2017年06月28日

空間の重心

某大手ハウスメーカーさんのTVCMで。

『天井の高い家は気持ちいいわね』

というのがありますね。


全否定はしませんが・・・(苦笑)

ただ・・・全体のバランスもなにもなく・・・ただただ・・・
にゅーーんと天井高を高くするのも、どうなんだろう?、と思っております(笑)
(にゅーーん、という表現しか思いつかず、申し訳ない 笑)



一般的に、おさまりがきれい。

そう思われる天井高は2m40cm。





しかし、あえて、ホールやサニタリーなど、
あえて天井高を低く抑えることも、これまでよくやってきました。


たとえば玄関ホールは天井高2m20cmに低く抑えて。

で、居間に入ると吹き抜けで、一気に5m以上の天井高にする、といった手法です。

これは視覚的にも、居間に入ると、ものすごい解放感を生むんです。

また、一方で、2m20cmの天井高がなんとも心地よかったりするのですよ。






これまでの作品のなかで。

全体的に天井高を2m35cm、あえて5cm低くする、という作品もいくつかつくりました。

これはこれで、なかなかにいい空間になります。

たとえば・・・長野市K邸(空間工房の作品から)






若干低めの天井で、目線の重心を下げ、窓や奥行きを感じる。

これが「空間の重心」という意味です。



これね・・・言葉で説明してもうまく伝わらないんですよ。




大手メーカーさんの・・・
「天井高が高くて解放感があって広く感じますよ」
キャンペーン告知が、一般国民にほぼ浸透しているだけに(笑)

余計に「空間の重心」の説明が難しい(笑)





考えてみてください。

家のなかではほぼ「座っています」
つまり、目線が下に下がるのです。
日本の住宅は靴を脱ぎますから、
床に座ってもいいのです。



重心が下がる、とはそういうことなのですが・・・

これは、体感してみないと、どうにも伝わらない・・・







今日、「暮らしの工房」(新潟県上越市)さんが設計された住宅を拝見してきました。

天井高が2m10cmなんです。

みごとでした。

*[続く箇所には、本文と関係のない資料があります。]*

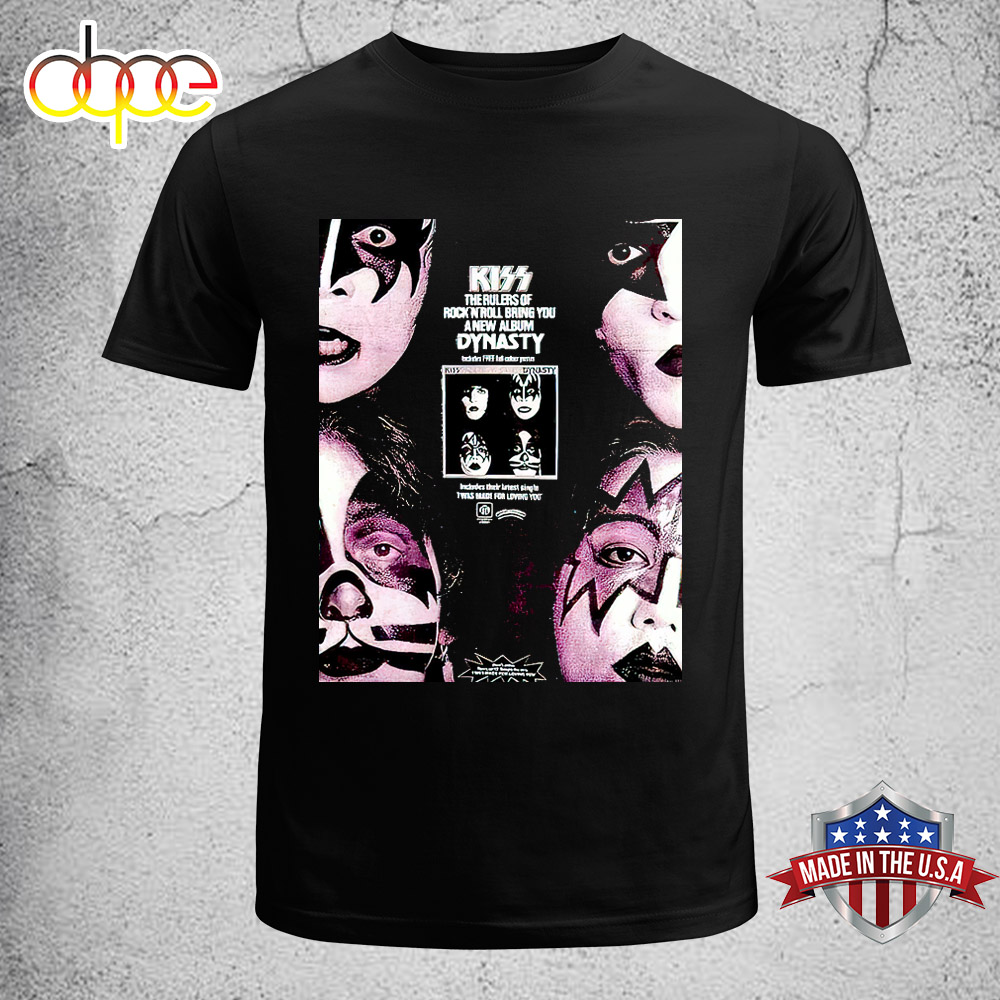 KISS The Rullers Off Rock Roll Bring You Unisex T Shirt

なんとも言えない落ち着きなのですよ。





これは・・・体感しないとわからないでしょうね。




改めて、空間の重心、の大切さを思い知りました。

そうなんです、全体のバランスと統一感。

これが大事なんですよね。




テキトーに窓を開けてはいけない。
むやみやたらに照明器具をつけてはいけない。
心地よく過ごせるよう、考えなきゃダメ。





これが、空間の重心、ということだと思います。



これを提唱されているのが・・・
今、日本でもっとも有名な建築家のひとりといっていいでしょう、

伊礼智 氏。


伊礼さんの作品は、ネットや書籍等々でも多く発信されておられます。

お薦めの書籍です↓
「伊礼智の小さな家70のレシピ」




よろしければお手にとって読んでみてください。

けっこう、目からウロコ、ですよ。